Off the heels of last week’s announcement that Envestnet had agreed to be bought by Bain Capital for almost half a billion dollars, several advisors and industry experts are reflecting on what this, and other mega acquisitions, signal for the industry going forward.
Joe Anthony, president at Gregory FCA, said he started in the RIA space over 20 years ago when it was a “cottage industry”, when a large RIA could brag about being a $500 million RIA and feel like they were a big firm.
“Today, obviously, that’s not considered as dominant as it once was but now you have firms that are selling for four and a half, $5 billion, like Envestnet. It just signals to people who are going independent that there’s money out there to be had going independent,” Anthony said.
“This is a real lucrative place and it’s matured.”
While he doesn’t think the acquisition changes anything drastic about the industry or the independent space, Anthony compared the acquisition to “being a bellwether moment” where it might give advisors who are thinking about becoming entrepreneurs the confidence to do so.
“If I’m an advisor, I’m looking at this and saying, ‘I should feel emboldened.
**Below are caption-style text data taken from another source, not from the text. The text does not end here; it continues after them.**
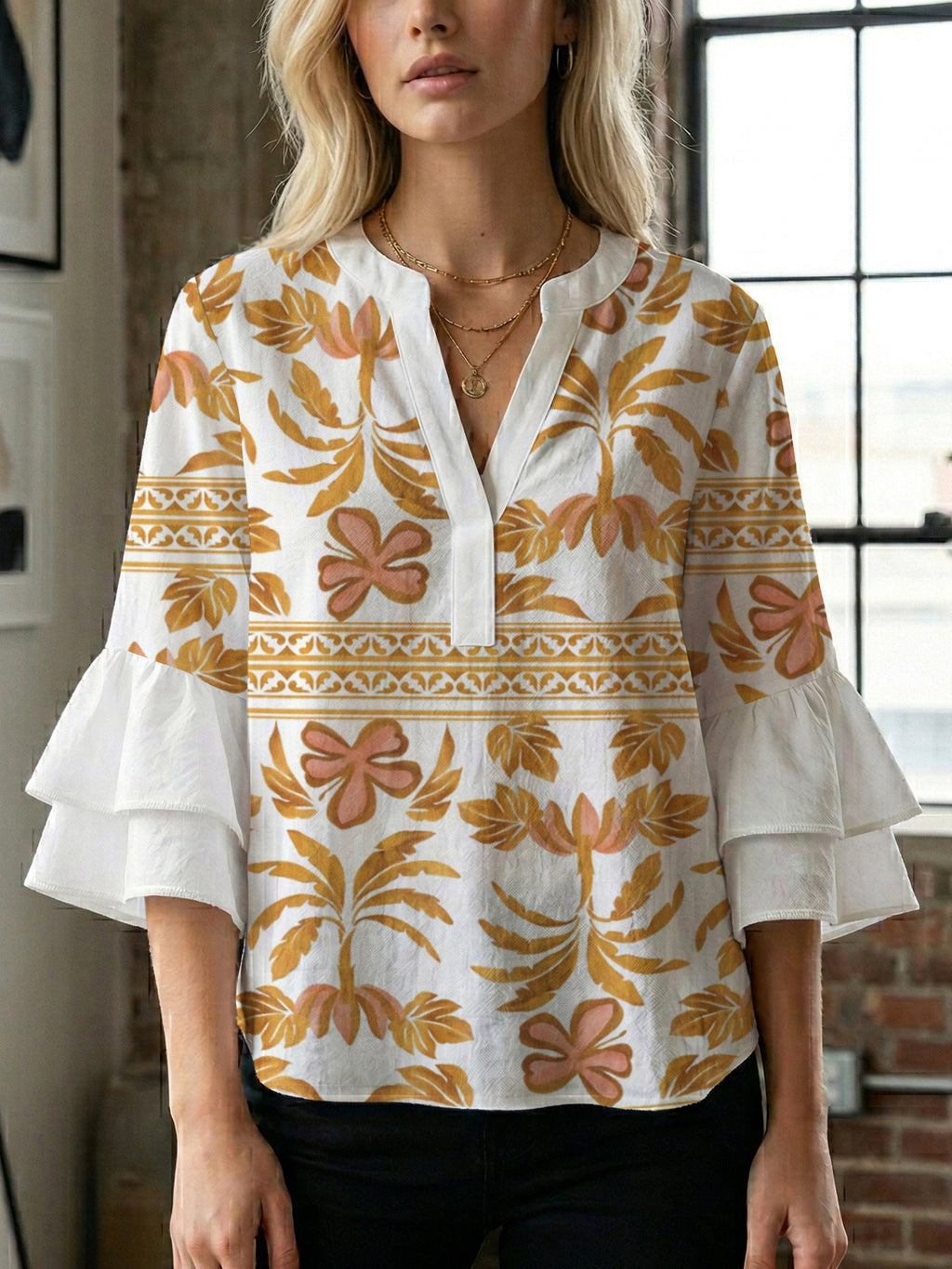 Casual Blouse with Ruffle Sleeves and Botanical Print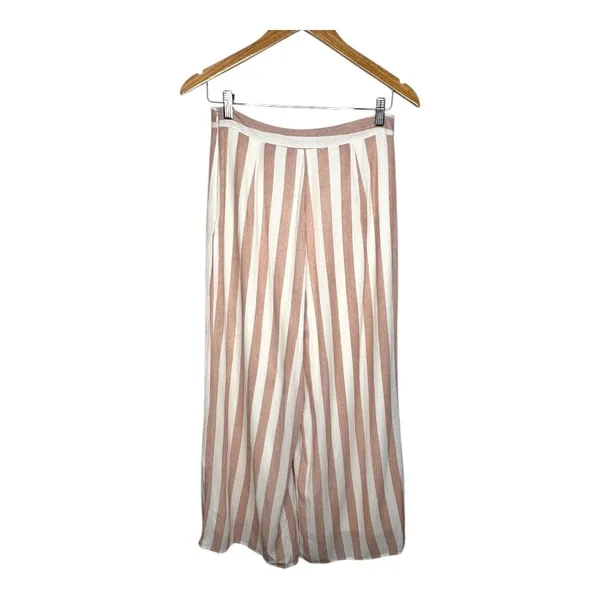 Sadie & Sage Palazzo Pants Womens Small Pink White Striped Wide Leg High Rise‎ - Image 3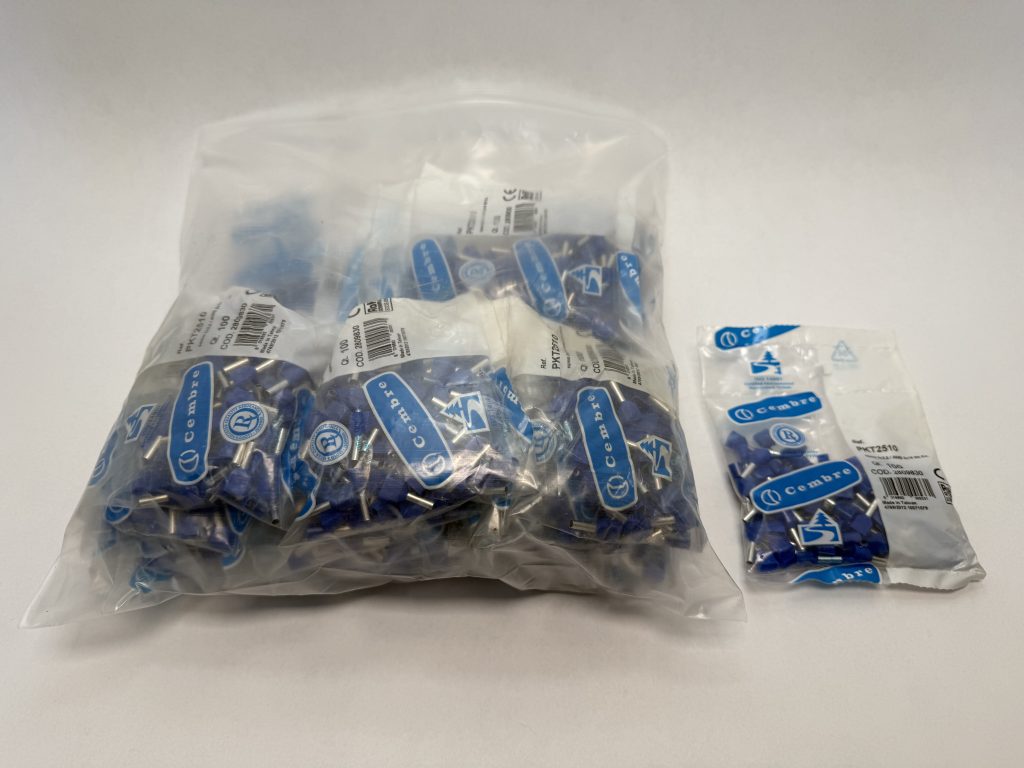 Cembre PKT2510 Twin Insulated Ferrule 2x2.5mm2 2x14 AWG Blue 2809830 2300 Pcs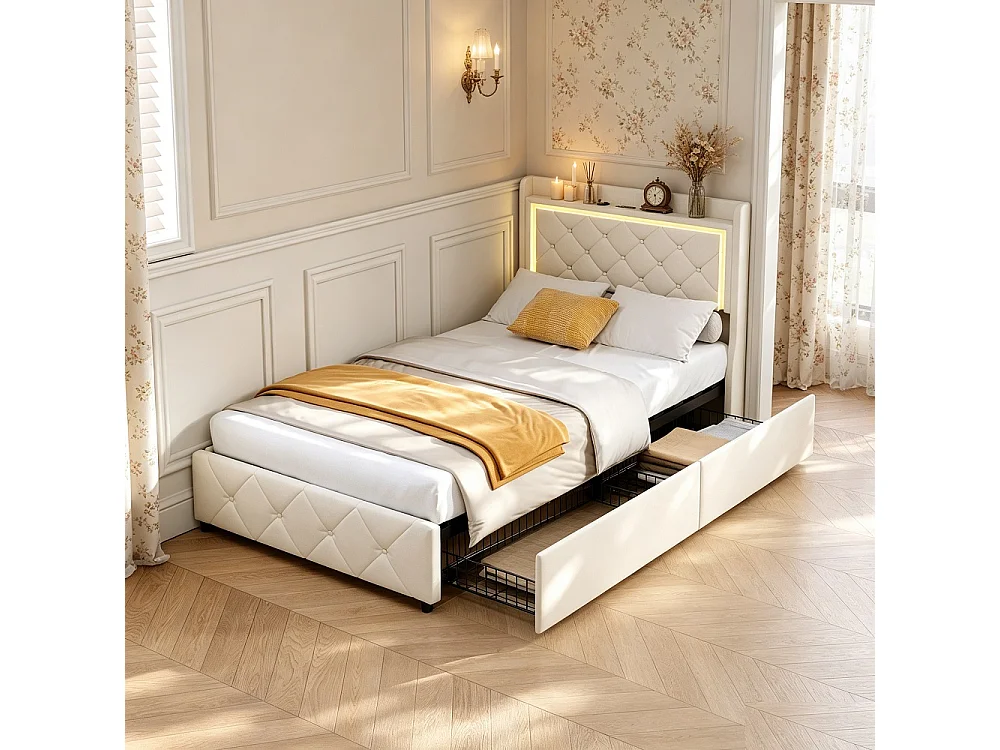 Lit capitonné avec tiroirs latéraux - 90 x 200 cm - avec port de charge USB - velours - beige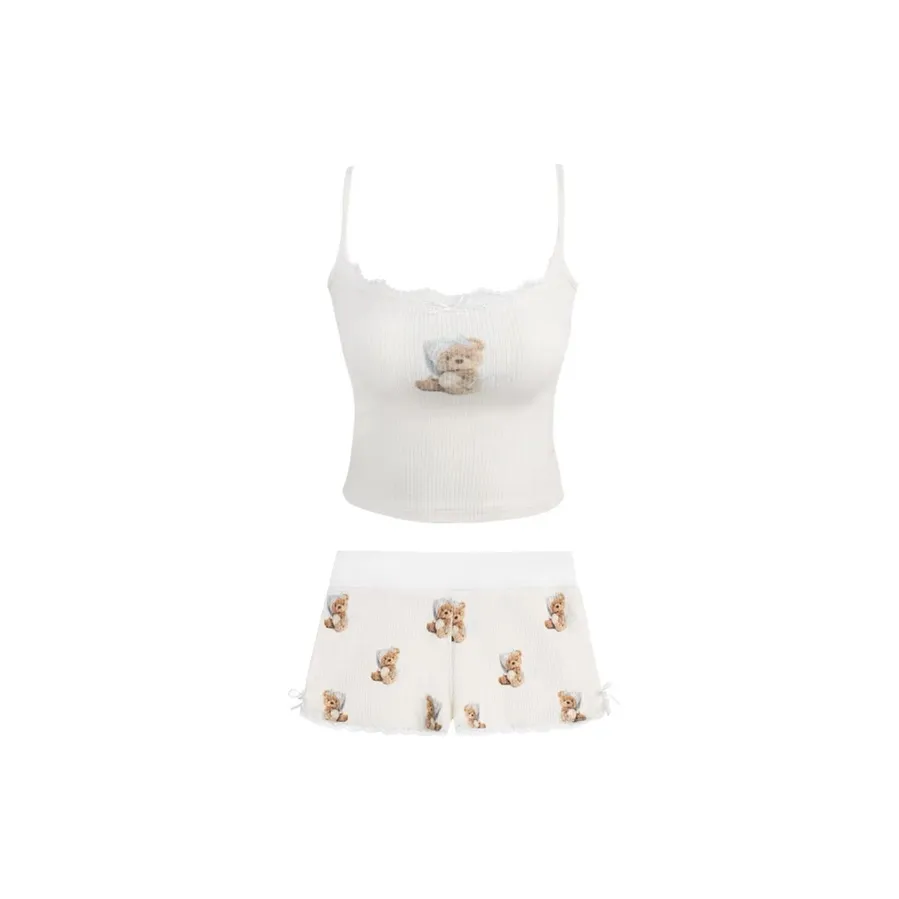 OEING Медвежонок Майка и Шорты Женские Пижамные комплекты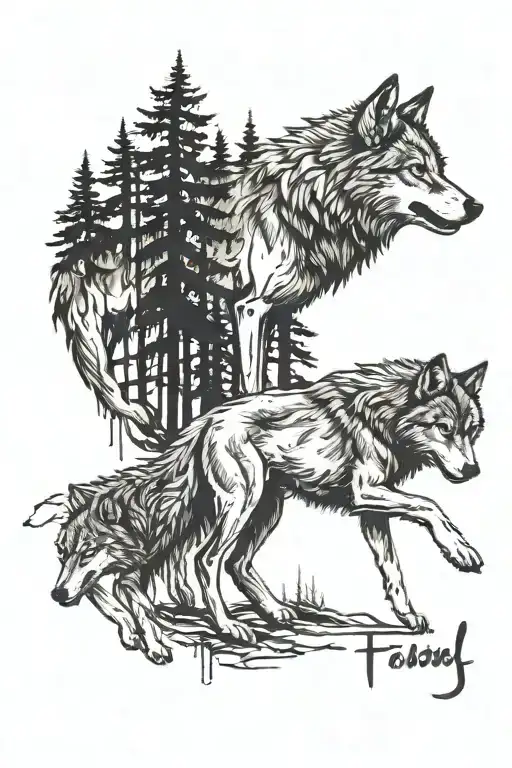 a wolf pack with their backs turned from  the alpha  while it's bleeding in a forest at night with fire around it tattoo design idea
There’s still a lot of capital in this space. [If] firms like ours are desirable, I could do well from a career standpoint here.’”
Dann Ryan, managing partner at Sincerus Advisory, said it’s impossible to ignore “all the consolidation in the [wealth management] industry right now.”
“It just shows we’re not ignored anymore,” he said. “It’s easy for a lot of the broker dealers to pretend that they don’t see us but at the same time, wealth management is driving their bottom lines and is incredibly profitable for them.”